GIVEN DATA:
+++
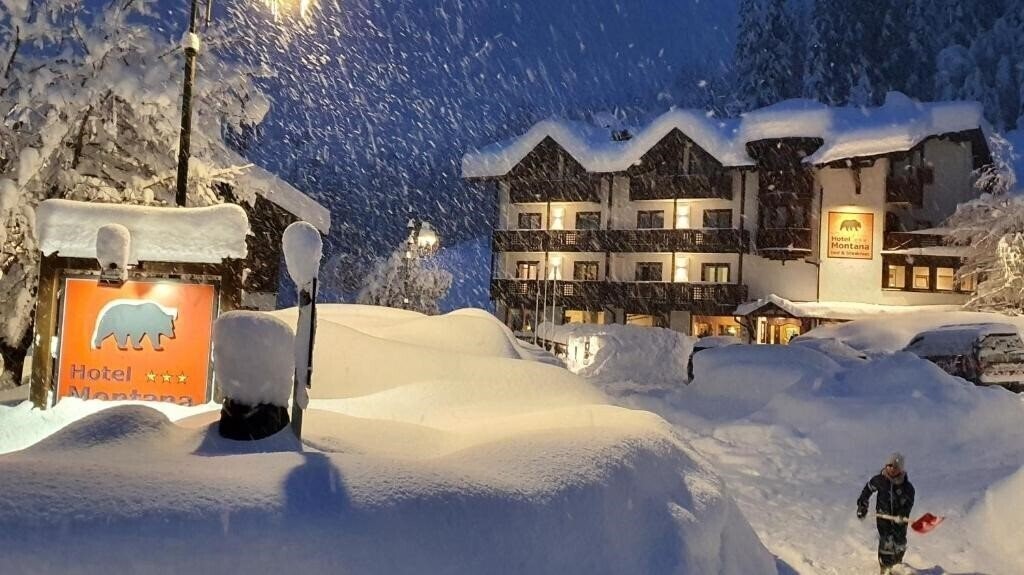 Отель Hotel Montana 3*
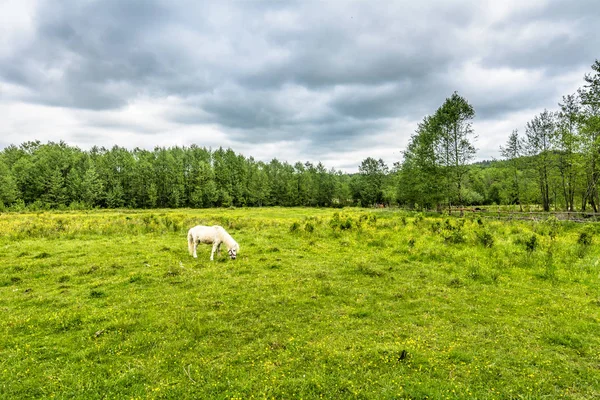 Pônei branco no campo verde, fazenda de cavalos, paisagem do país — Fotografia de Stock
+++
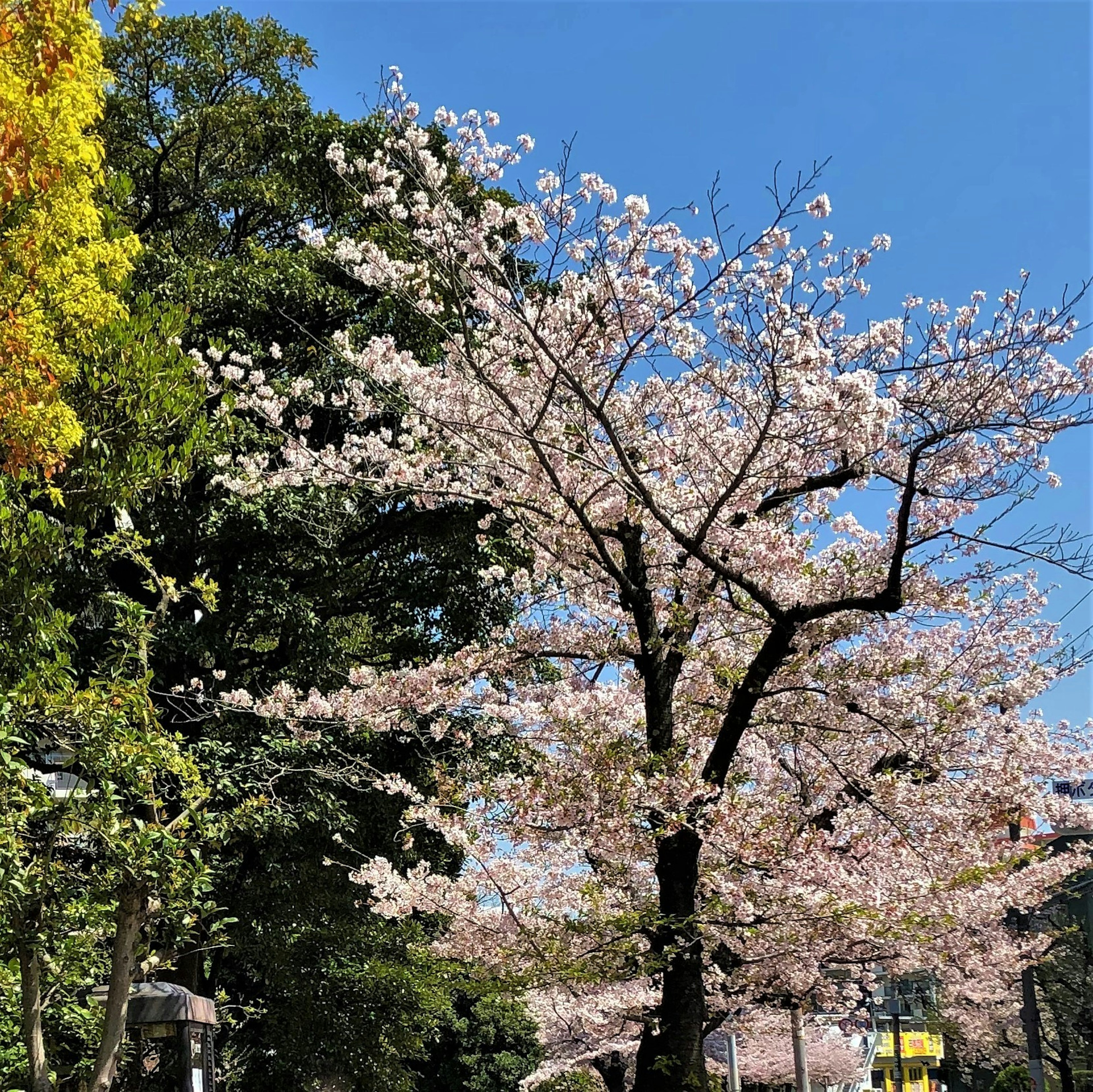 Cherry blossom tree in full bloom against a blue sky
+++
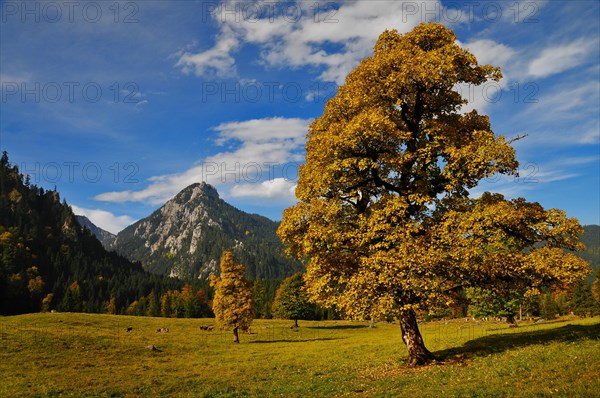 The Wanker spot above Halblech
+++
THE PROBLEM:
Above is the material; set down exactly its lines from the one containing "Отель Hotel Montana 3*" down to the one containing "Pônei branco no", both included, leaving out any pictures.

EXERCISE ANSWER:
 Отель Hotel Montana 3*
 Pônei branco no campo verde, fazenda de cavalos, paisagem do país — Fotografia de Stock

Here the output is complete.